> Task details
Nothing but an exact copy is asked for: the lines in the material below from the one with "We could use" through the one with "If I replace", pictures excluded.
===
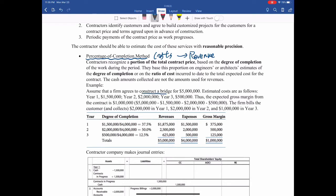There is an agreement for the construction of a bridge for $5 million, and this construction takes three years. The contractor has to prepare their financial statement every year. So how to report these $5 million over the next three years? Every year, the firm can estimate their costs, and these numbers are actually available from the engineers. First year: one and a half million. Second year: two million. Third year: half million. So this is the distribution of expenses or costs in the next three years, and the total is $4 million.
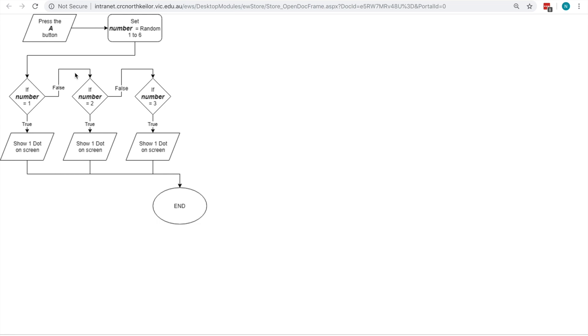So if the number value is one, we're going to show the single dot. If it's not, we follow across and we check for the second option, the two value, and we show two, and so forth. You need to add in the extra values over here to get to all six values.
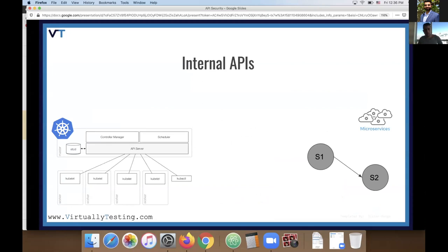Let's talk about internal APIs. Today we have concepts like Kubernetes and microservices. All the management and internal communication in Kubernetes is done using REST APIs. And with microservices, instead of one monolithic component you have many different microservices that need to communicate between themselves — this communication between microservice one and microservice two is usually done using REST APIs.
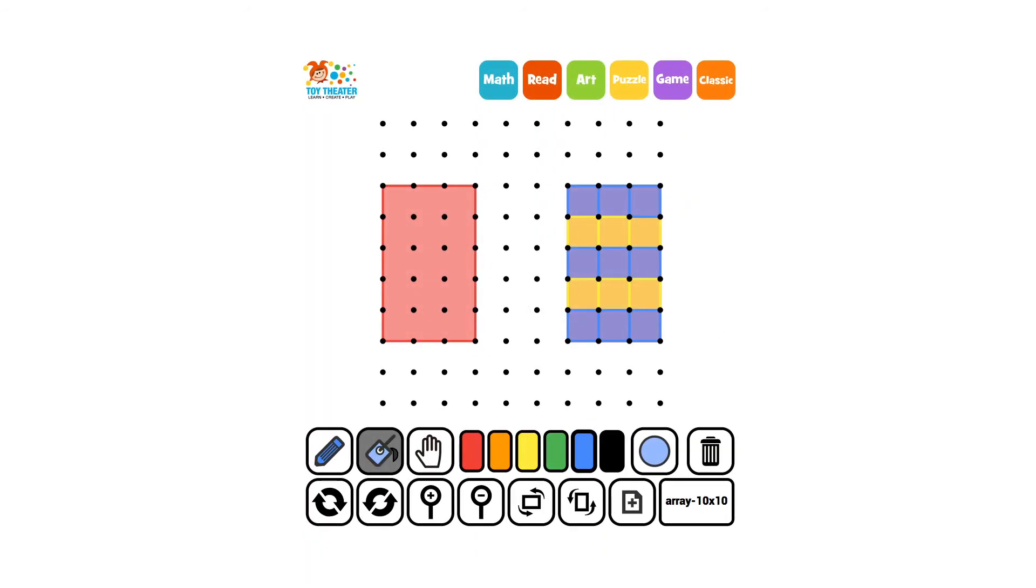We could use our knowledge that there are five rows and three squares in each row. That would lead us to add five threes together and come up with 15.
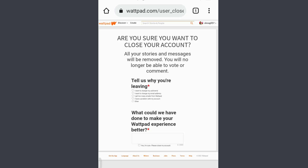You will now see a prompt asking if you're sure you want to close your account. If you go ahead, all your stories and messages will be removed and you will no longer be able to vote or comment. First, you need to tell them why you're leaving.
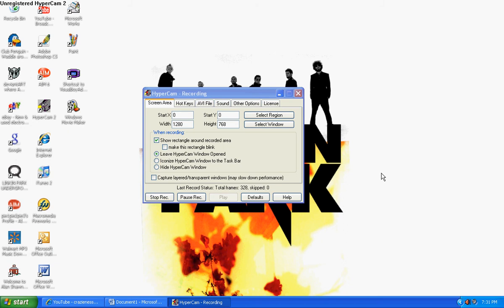Hi, it's Carrie, and in this tutorial, I'm going to be showing you how to record sound with HyperCamp.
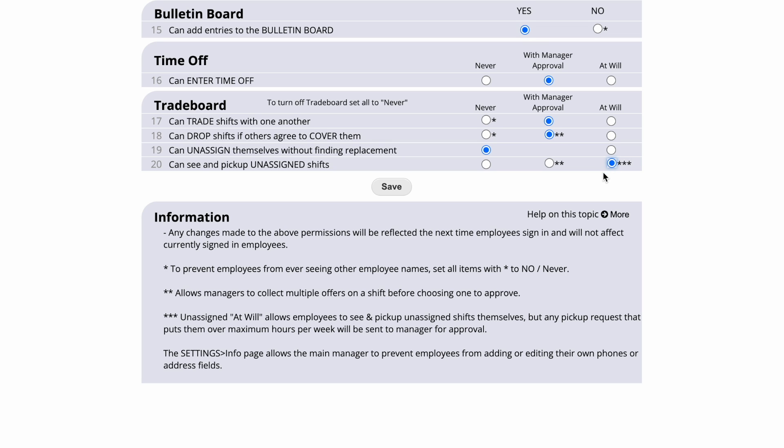At Will means that employees can see unassigned shifts and simply click on them to pick them up. If you would prefer, you could require manager approval. Employees would sign on and let you know which shifts they want, and after collecting multiple offers, you could choose to whom you would award each shift.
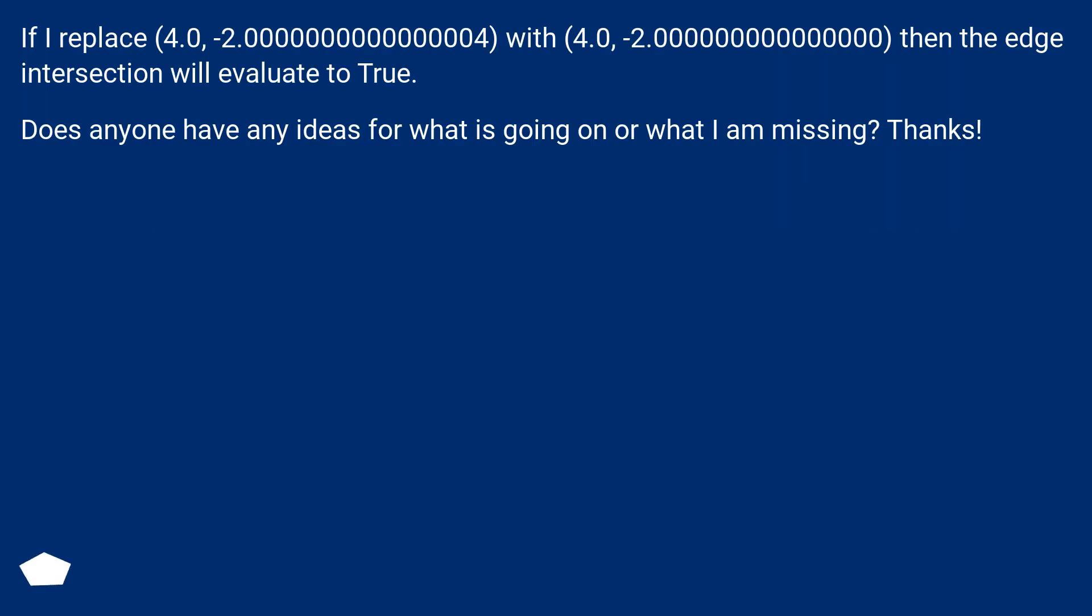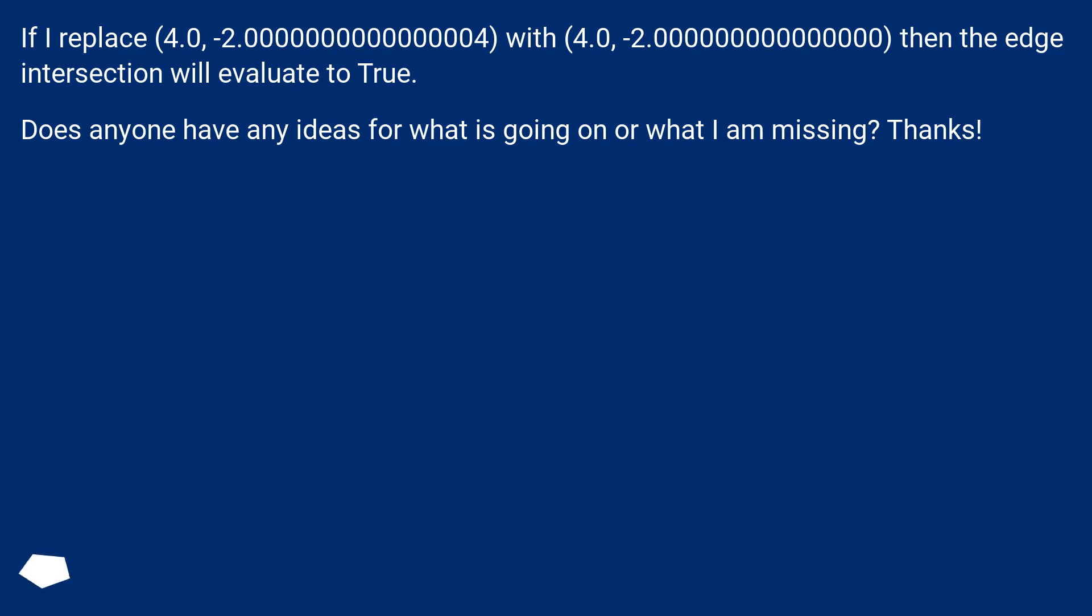If I replace 4.0, -2.00000000000004 with 4.0, -2.0000000000000, then the edge intersection will evaluate to true.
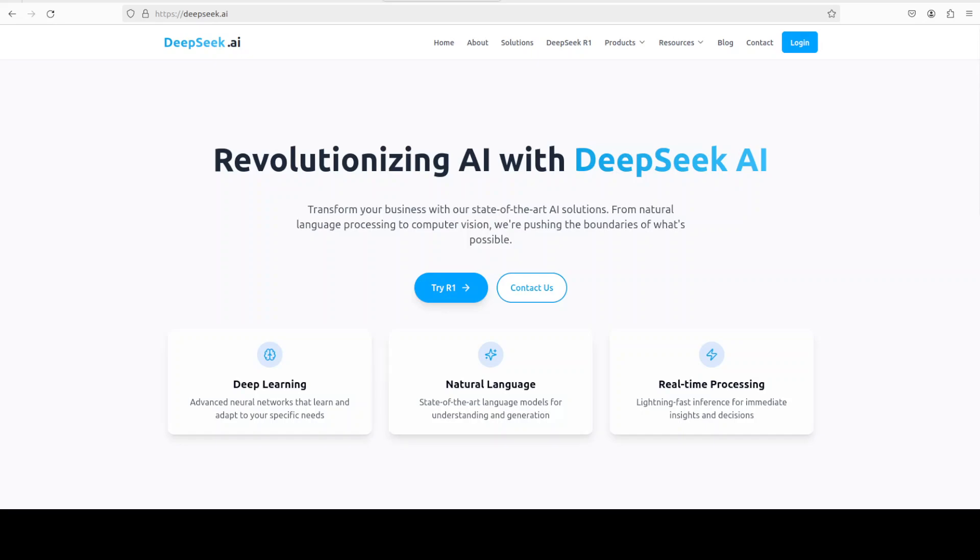We are continuing our coverage of this groundbreaking model DeepSeek R1. In this video, I am going to show you how easily you can use this DeepSeek Reasoner or DeepSeek R1 in your code with OpenAI's compatible API.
===
> Exercise output
We could use our knowledge that there are five rows and three squares in each row. That would lead us to add five threes together and come up with 15.
You will now see a prompt asking if you're sure you want to close your account. If you go ahead, all your stories and messages will be removed and you will no longer be able to vote or comment. First, you need to tell them why you're leaving.
Hi, it's Carrie, and in this tutorial, I'm going to be showing you how to record sound with HyperCamp.
At Will means that employees can see unassigned shifts and simply click on them to pick them up. If you would prefer, you could require manager approval. Employees would sign on and let you know which shifts they want, and after collecting multiple offers, you could choose to whom you would award each shift.
If I replace 4.0, -2.00000000000004 with 4.0, -2.0000000000000, then the edge intersection will evaluate to true.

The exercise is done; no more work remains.